Information given ->
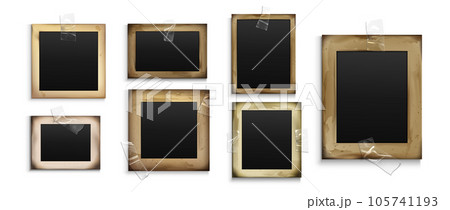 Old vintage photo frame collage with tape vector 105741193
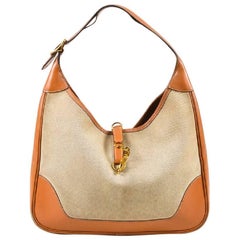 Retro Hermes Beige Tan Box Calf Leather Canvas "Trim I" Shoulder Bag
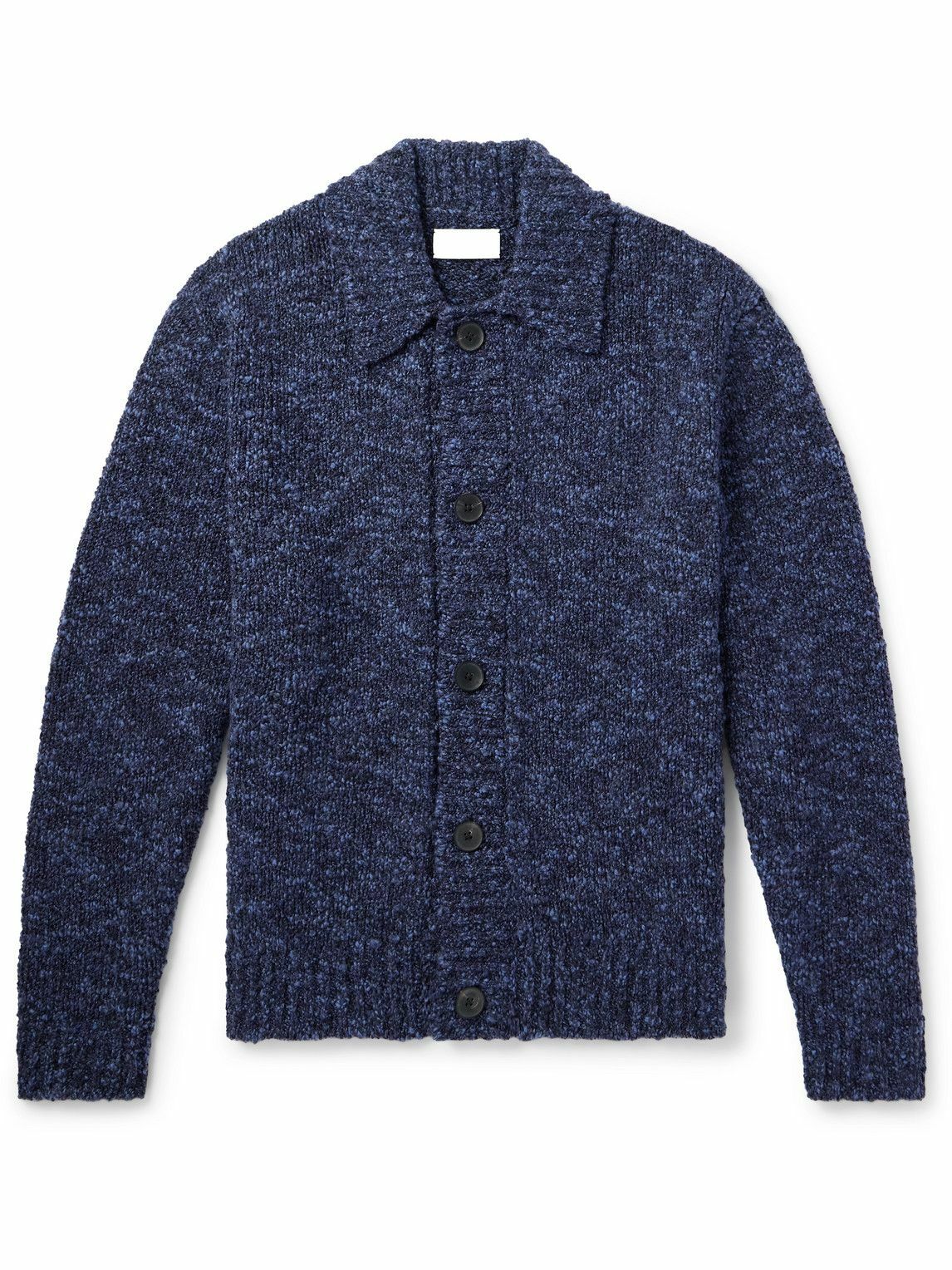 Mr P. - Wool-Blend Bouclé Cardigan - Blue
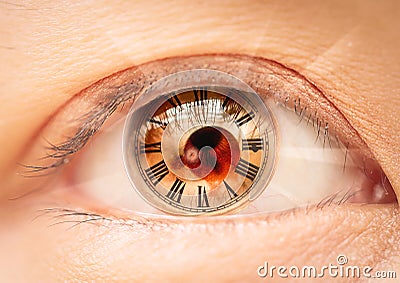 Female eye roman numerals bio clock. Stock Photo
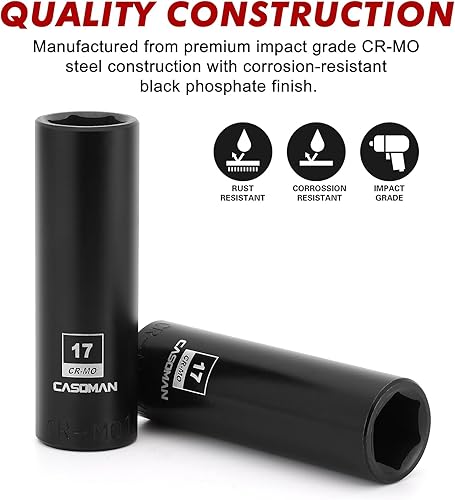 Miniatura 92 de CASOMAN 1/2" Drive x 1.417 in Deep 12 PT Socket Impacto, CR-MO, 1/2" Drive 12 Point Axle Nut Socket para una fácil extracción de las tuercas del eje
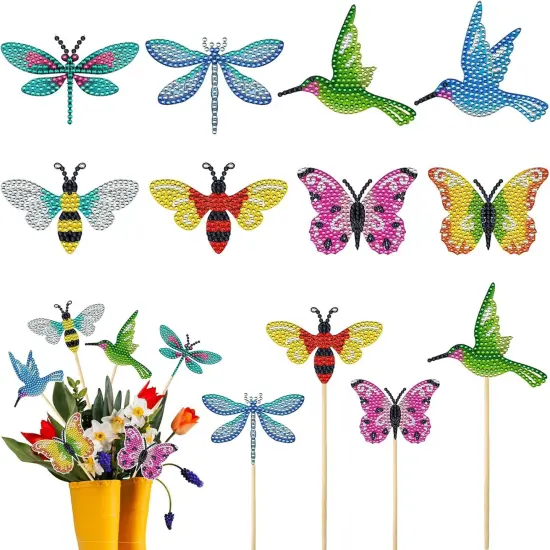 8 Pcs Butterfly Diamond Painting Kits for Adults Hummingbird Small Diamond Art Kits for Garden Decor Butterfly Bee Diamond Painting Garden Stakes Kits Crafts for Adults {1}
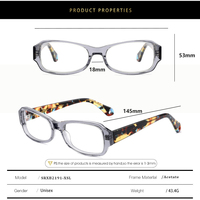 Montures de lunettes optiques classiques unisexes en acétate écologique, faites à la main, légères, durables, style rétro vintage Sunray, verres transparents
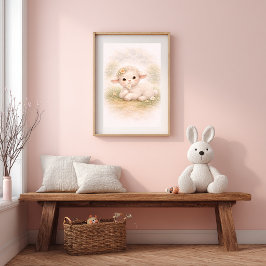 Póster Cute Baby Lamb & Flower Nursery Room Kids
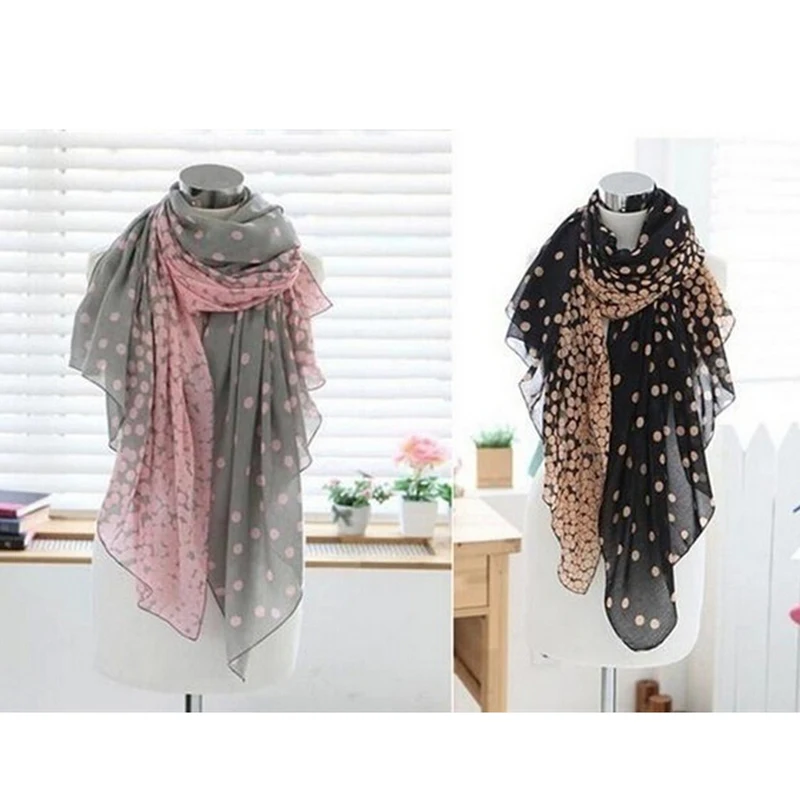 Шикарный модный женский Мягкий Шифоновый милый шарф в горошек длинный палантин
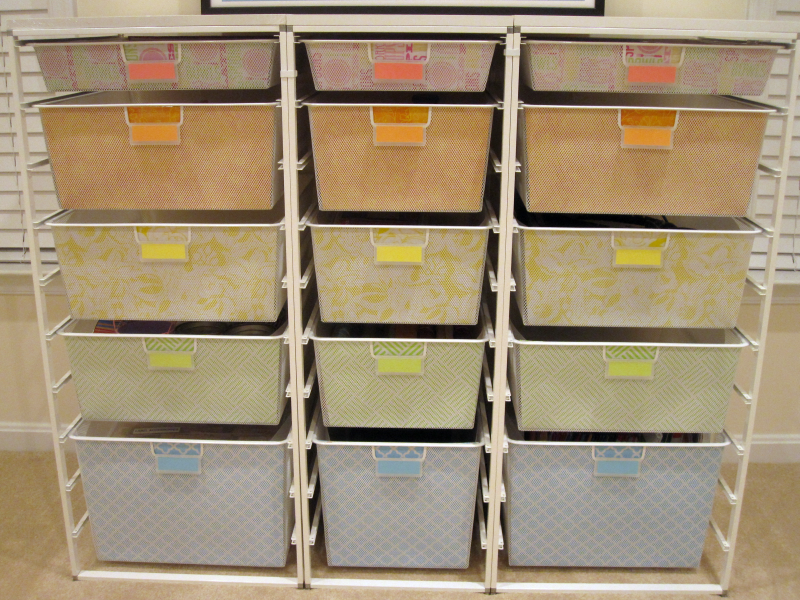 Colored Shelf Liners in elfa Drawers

...

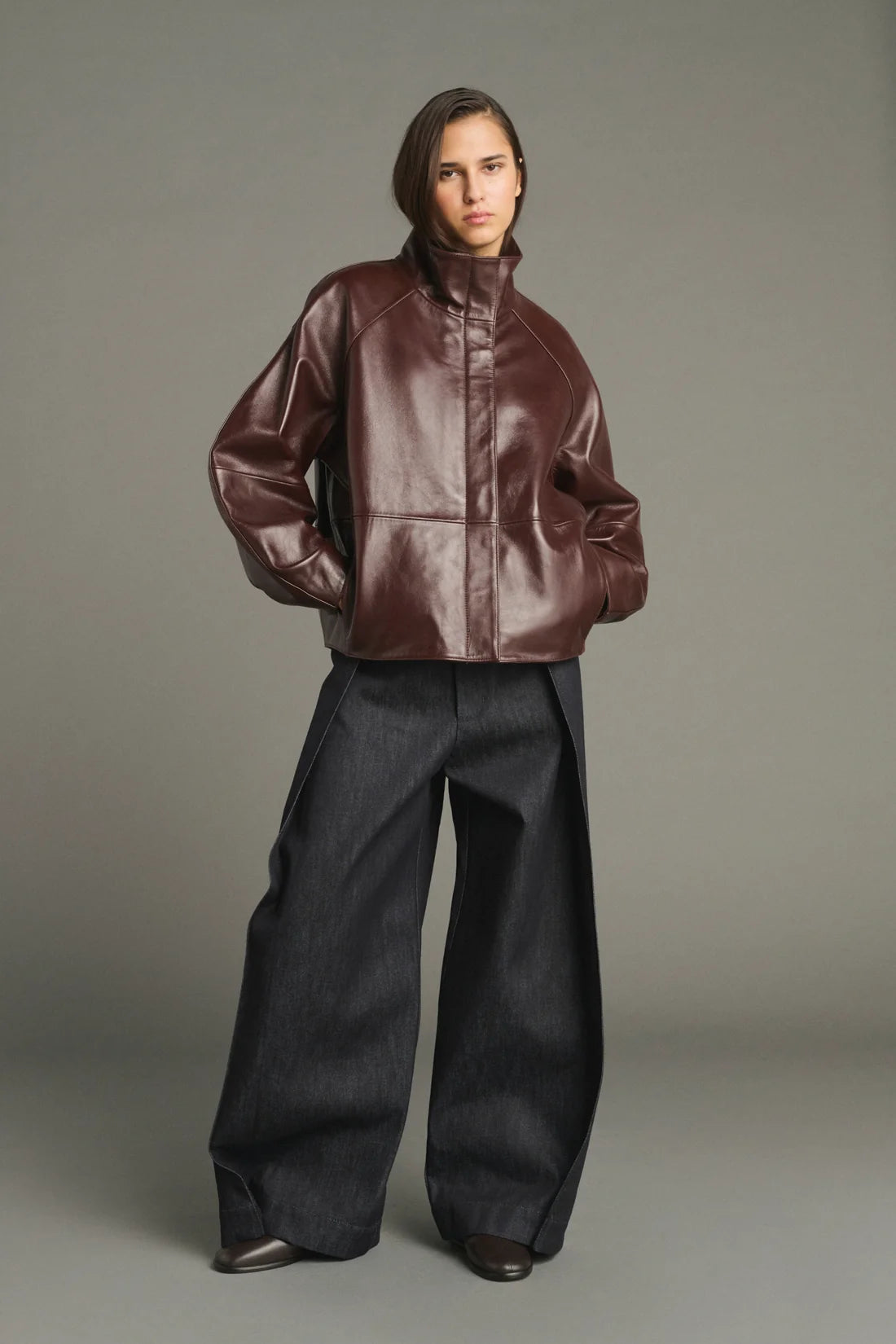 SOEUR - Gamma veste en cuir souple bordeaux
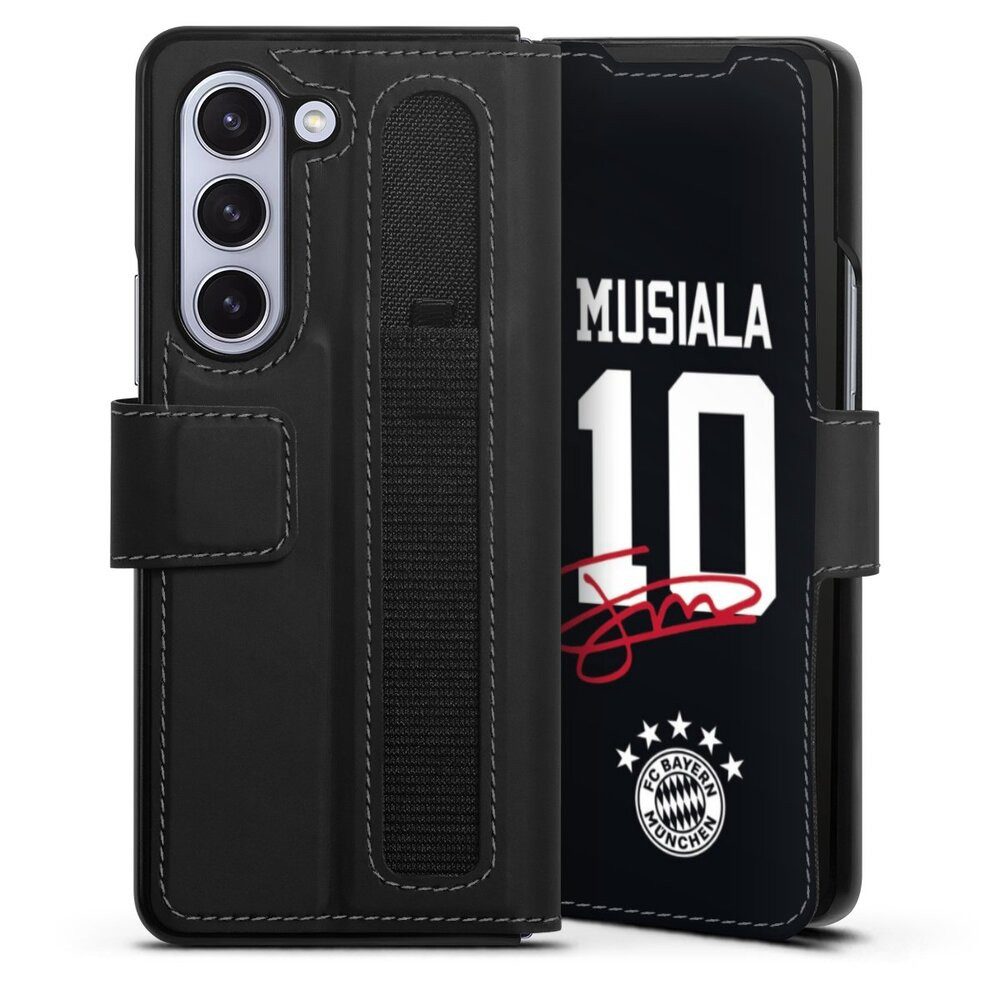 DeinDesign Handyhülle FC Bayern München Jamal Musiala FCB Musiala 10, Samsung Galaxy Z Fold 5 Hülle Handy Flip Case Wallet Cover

Task requirements -> Look through the listing above for the line with "Old vintage photo" and the line with "Miniatura 92 de". Write out exactly those lines and everything between, leaving out pictures.

Output for this exercise ->
 Old vintage photo frame collage with tape vector 105741193
 Retro Hermes Beige Tan Box Calf Leather Canvas "Trim I" Shoulder Bag
 Mr P. - Wool-Blend Bouclé Cardigan - Blue
 Female eye roman numerals bio clock. Stock Photo
 Miniatura 92 de CASOMAN 1/2" Drive x 1.417 in Deep 12 PT Socket Impacto, CR-MO, 1/2" Drive 12 Point Axle Nut Socket para una fácil extracción de las tuercas del eje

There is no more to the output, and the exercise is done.